More than eight decades after it was installed, a memorial to the three 19th-century sibling novelists in London’s Westminster Abbey was amended Thursday to restore the diaereses – the two dots over the e in their surname.
The dots — which indicate that the name is pronounced “brontay” rather than “bront” — were omitted when the stone tablet commemorating Charlotte, Emily and Anne was erected in the abbey’s Poets’ Corner in October 1939, just after the outbreak of World War II.
They were restored after Brontë historian Sharon Wright, editor of the Brontë Society Gazette, raised the issue with Dean of Westminster David Hoyle. The abbey asked its stonemason to tap in the dots and its conservator to paint them.
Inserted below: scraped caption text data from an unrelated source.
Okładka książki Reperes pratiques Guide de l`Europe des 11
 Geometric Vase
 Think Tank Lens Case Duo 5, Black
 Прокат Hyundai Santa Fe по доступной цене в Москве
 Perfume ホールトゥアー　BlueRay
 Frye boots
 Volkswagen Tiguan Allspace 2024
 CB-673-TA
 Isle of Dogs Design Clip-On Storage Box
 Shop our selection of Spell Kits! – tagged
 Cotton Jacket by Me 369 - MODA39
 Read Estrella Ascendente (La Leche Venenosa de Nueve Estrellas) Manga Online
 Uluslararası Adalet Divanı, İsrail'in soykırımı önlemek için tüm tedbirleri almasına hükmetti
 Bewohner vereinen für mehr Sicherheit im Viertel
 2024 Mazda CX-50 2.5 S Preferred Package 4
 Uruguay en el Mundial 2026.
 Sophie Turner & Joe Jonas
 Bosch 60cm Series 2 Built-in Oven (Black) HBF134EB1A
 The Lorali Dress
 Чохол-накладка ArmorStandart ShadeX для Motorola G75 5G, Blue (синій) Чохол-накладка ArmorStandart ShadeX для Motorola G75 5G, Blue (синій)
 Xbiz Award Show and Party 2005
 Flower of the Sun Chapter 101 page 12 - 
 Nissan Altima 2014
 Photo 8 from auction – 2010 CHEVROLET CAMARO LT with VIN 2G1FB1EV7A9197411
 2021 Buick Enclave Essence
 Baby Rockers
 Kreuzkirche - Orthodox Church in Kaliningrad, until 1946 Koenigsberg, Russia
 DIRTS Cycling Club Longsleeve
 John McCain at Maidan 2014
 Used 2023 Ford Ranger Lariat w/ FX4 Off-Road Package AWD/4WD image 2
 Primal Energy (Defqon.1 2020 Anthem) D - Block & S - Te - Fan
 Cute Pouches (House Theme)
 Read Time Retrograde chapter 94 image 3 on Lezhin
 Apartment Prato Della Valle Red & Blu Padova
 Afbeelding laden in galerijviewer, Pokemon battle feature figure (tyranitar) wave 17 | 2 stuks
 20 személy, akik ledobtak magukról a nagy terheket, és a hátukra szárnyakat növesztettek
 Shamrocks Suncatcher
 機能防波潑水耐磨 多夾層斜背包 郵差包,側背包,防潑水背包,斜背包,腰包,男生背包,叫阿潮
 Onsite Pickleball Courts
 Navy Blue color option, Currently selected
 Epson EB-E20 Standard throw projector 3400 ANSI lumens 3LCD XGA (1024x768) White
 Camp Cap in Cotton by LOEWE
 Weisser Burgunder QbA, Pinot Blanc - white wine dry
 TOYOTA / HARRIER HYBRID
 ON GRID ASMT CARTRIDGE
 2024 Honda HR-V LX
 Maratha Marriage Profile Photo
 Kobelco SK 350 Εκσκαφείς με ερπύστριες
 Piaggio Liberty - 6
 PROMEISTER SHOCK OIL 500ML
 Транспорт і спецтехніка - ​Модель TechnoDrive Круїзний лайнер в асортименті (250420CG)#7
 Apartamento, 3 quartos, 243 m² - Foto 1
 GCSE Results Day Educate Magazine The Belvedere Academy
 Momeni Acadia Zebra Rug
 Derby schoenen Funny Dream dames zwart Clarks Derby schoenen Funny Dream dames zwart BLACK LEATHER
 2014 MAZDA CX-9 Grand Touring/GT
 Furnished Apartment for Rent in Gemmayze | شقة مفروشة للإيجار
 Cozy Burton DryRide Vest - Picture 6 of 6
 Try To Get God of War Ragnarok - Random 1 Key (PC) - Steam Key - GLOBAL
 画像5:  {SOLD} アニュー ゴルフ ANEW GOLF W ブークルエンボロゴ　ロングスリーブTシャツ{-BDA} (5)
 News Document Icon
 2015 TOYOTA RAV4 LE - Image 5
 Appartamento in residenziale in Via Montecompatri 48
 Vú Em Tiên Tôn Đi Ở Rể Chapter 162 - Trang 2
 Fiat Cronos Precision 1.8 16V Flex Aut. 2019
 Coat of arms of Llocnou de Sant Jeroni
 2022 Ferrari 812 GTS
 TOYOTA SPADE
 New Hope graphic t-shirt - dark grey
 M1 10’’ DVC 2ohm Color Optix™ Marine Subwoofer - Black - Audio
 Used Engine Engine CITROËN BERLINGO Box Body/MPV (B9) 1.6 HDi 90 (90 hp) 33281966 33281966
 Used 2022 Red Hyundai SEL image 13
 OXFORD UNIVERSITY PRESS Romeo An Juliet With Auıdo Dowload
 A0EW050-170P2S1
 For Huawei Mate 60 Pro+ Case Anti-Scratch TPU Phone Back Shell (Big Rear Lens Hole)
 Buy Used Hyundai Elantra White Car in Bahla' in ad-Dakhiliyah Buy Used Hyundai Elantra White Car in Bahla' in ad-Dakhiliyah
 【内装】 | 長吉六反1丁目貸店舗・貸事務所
“There’s no paper record for anyone complaining about this or mentioning this, so I just wanted to put it right, really,” Wright said. “These three Yorkshire women deserve their place here, but they also deserve to have their name spelled correctly.”
It’s believed the writers’ Irish father Patrick changed the spelling of his surname from Brunty or Prunty when he went to university in England.
Raised on the wild Yorkshire moors, all three sisters died before they were 40, leaving enduring novels including Charlotte’s “Jane Eyre,” Emily’s “Wuthering Heights” and Anne’s “The Tenant of Wildfell Hall.”
Rebecca Yorke, director of the Brontë Society, welcomed the restoration.
“As the Brontës and their work are loved and respected all over the world, it’s entirely appropriate that their name is spelled correctly on their memorial,” she said.